# Unbiased estimator for $\theta$

Exercise :

Let $$X_1, \dots, X_n$$ be a random sample $$(n>1)$$ from the distribution with pdf $$f(x) = \theta x^{-2}, \; \; 0 < \theta \leq x < \infty$$, where $$\theta$$ an unknown parameter. Find the Maximum Likelihood Estimator $$\hat{\theta}$$ of $$\theta$$ and determine if it's an unbiased estimator for the parameter $$\theta$$.

Attempt :

The likelihood function is :

$$L(x;\theta) = \prod_{i=1}^n \theta x^{-2} \mathbb{I}_{[\theta, + \infty)}(x_i) = \theta^n \mathbb{I}_{[\theta, + \infty)}(\min x_i)$$

and thus the MLE is : $$\hat{\theta} = \min x_i$$.

Now, in order to determine if it's an unbiased estimator for $$\theta$$, I have to find :

$$\mathbb{E} [\min x_i |\theta]$$

and determine whether it's equal to $$\theta$$ or not.

How does one proceed with calculating $$\mathbb{E} [\min x_i |\theta]$$ ? Or is there another way of determining if $$\hat{\theta}$$ is an unbiased estimator for $$\theta$$ ?

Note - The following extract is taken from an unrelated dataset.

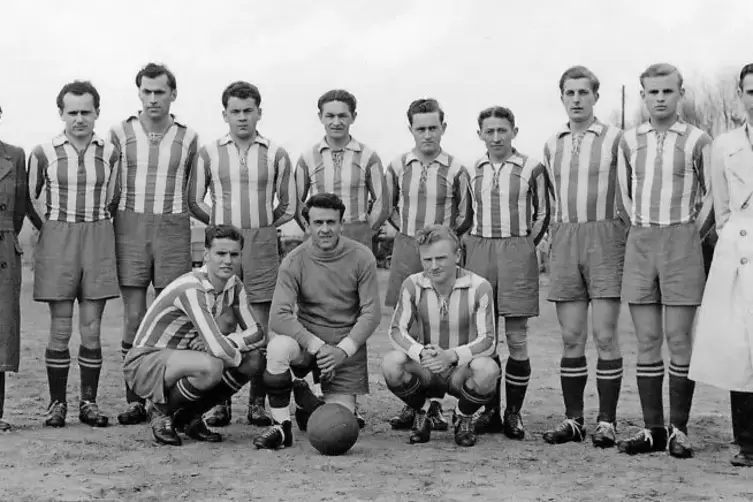 Eines der ersten Mannschaftsfotos der Hauensteiner Nachkriegsmannschaft von 1951. Viele der Spieler zählten drei Jahre vorher zu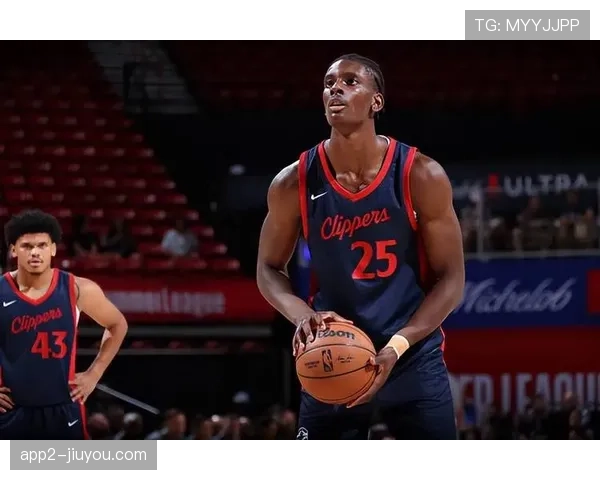 迪亚巴特13分11篮板 黄蜂替补内线表现亮眼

• You have to find $E(\min X_i)$. So find the distribution of $\min X_i$. May 27, 2018 at 7:26
• @StubbornAtom I have found it to be $f_T(t,\theta) = n\theta^{n}t^{-n-1}$. Should I integrate from $0$ to $+ \infty$ now to check if it's equal to $\theta$ ? May 27, 2018 at 7:27
• Just check whether $\int _{\theta}^\infty tf_T(t)\,dt$ is $\theta$ or not. May 27, 2018 at 7:30

Let $Z = \min\{X_1, X_2, \ldots, X_n\}$.

$$P(Z \leq z | \theta) = 1 - P(Z > z|\theta) = 1 - P(X_i > z|\theta)^n = 1 - \left(\frac{\theta}{z}\right)^n$$

Hence, $$f_{Z|\theta} = n \frac{\theta^n}{z^{n+1}}$$

Therefore, $$\mathbb{E}[Z | \theta] = \int_{\theta}^{\infty} z n \frac{\theta^n}{z^{n+1}}dz = n \theta^n \int_{\theta}^{\infty} \frac{1}{z^{n}}dz = \frac{n}{n-1} \theta$$

Since $\mathbb P(X_i \geq \theta)=1$ for each $i$, the same holds for $\hat{\theta}$: $\min X_i \geq \theta$ with probability $1$. For this case $\mathbb E_{\theta}[\min X_i]\geq \theta$. Moreover, the equality can hold iff $\mathbb P(\min X_i=\theta)=1$. But this is not the case since all samples have non-degenerate distribution.
You can also find CDF of $\min X_i$ and then calculate its expectation $\mathbb E\min X_i = \frac{n}{n-1}\theta>\theta$.